Large dies with slides will flash. Even if you are able to blue the die to shut off at room temperature, the first shot is not at steady state. Die require 30 to 100 shots to reach steady state even with preheat. Properly designed dies eject all flash every shot. This avoids die damage related to closing on flash. Remember the machine could be applying 10,000 tons on a small piece of flash

It is interesting that the laws of physics do not change just because you are trying to make high quality gigacastings. Structural gigacastings must be free of miss runs just the same as structural pistons. I am not surprised that the cross hatch invented to solve miss run piston defects is now appearing as a feature of gigacastings.

My casting mentors conjectured that the cross hatch anchored the flow fronts and created a path for venting at the bottom of the grooves. All I can add to that is that the method actually solved piston miss run issues. Otherwise there is no structural need to have cross hatch on pistons. Gigacastings fit into the same category. There is no structural need for cross hatch but miss runs which cause cracks and weak spots are definitely a problem

We have all witnessed the destructive power of fast flowing flood waters. Molten aluminum has nearly the same viscosity as water. A high pressure casting die witnesses a fast flowing flood every shot. It is not surprising that we see related erosion where the flow is the fastest. In die casting dies one universal fast flow location is downstream of the gate. In this pictured example of a die making structural castings the erosion downstream of the gates is clearly visible. Obviously this creates textured casting surfaces if not major sticking problems.

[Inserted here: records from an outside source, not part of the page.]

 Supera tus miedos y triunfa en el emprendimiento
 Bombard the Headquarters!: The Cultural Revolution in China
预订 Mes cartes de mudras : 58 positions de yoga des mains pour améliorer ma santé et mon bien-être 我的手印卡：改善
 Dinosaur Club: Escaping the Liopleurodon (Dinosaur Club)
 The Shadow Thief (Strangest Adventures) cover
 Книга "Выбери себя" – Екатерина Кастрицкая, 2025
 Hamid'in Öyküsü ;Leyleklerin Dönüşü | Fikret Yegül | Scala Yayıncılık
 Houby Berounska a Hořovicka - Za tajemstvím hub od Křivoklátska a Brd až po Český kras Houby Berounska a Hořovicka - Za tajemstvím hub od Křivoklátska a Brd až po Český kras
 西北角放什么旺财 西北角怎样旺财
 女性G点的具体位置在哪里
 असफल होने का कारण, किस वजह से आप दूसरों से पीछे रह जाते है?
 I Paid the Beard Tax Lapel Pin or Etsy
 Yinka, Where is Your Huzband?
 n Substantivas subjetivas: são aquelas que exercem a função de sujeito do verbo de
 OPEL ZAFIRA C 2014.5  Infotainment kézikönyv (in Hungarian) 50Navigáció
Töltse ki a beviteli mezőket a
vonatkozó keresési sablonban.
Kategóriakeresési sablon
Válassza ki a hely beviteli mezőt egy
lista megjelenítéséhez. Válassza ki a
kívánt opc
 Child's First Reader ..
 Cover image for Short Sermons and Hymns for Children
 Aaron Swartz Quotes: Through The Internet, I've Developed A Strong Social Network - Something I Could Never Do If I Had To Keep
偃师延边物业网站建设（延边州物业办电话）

Usually the die designers defend their design when this occurs. Most HPDC die design are created using the industry standard formula for gate size. They are based on using historic alloys injected just above the melting temperature. This strategy works well for most historic aluminum HPDC castings. It is possible to avoid erosion injecting secondary aluminum into molds that have a fill path length of less than 22 inches (0.55 meters) using the text book gating sizes and standard 120 in/sec (3.0 meter/sec) fast shot speeds. This makes sense because the standard formula use this as a basis.

However we as an industry are being asked to do more. Structural castings have fill path lengths greater than 22 inches and are made of primary alloy with low iron content. It is not surprising that we see major erosion when 280 in/sec (7.0 meter/sec) shot speeds and 1350F (732C) process settings are being used to fill the far end of the structural castings.

How do you solve die erosion. The simple answer is to design a die with better gating. Usually this is not an affordable option after a die is built and production has started. Die surface coatings are helpful. Due to the high cost of effective coatings they are best applied to local sub inserts. I like locally making the part wall thickness down stream of the gates 50% thicker. This 50% increase is blended back to standard wall thickness over about 3 inches (90 mm) Even though this will be out of part print it is easier to obtain forgiveness than permission.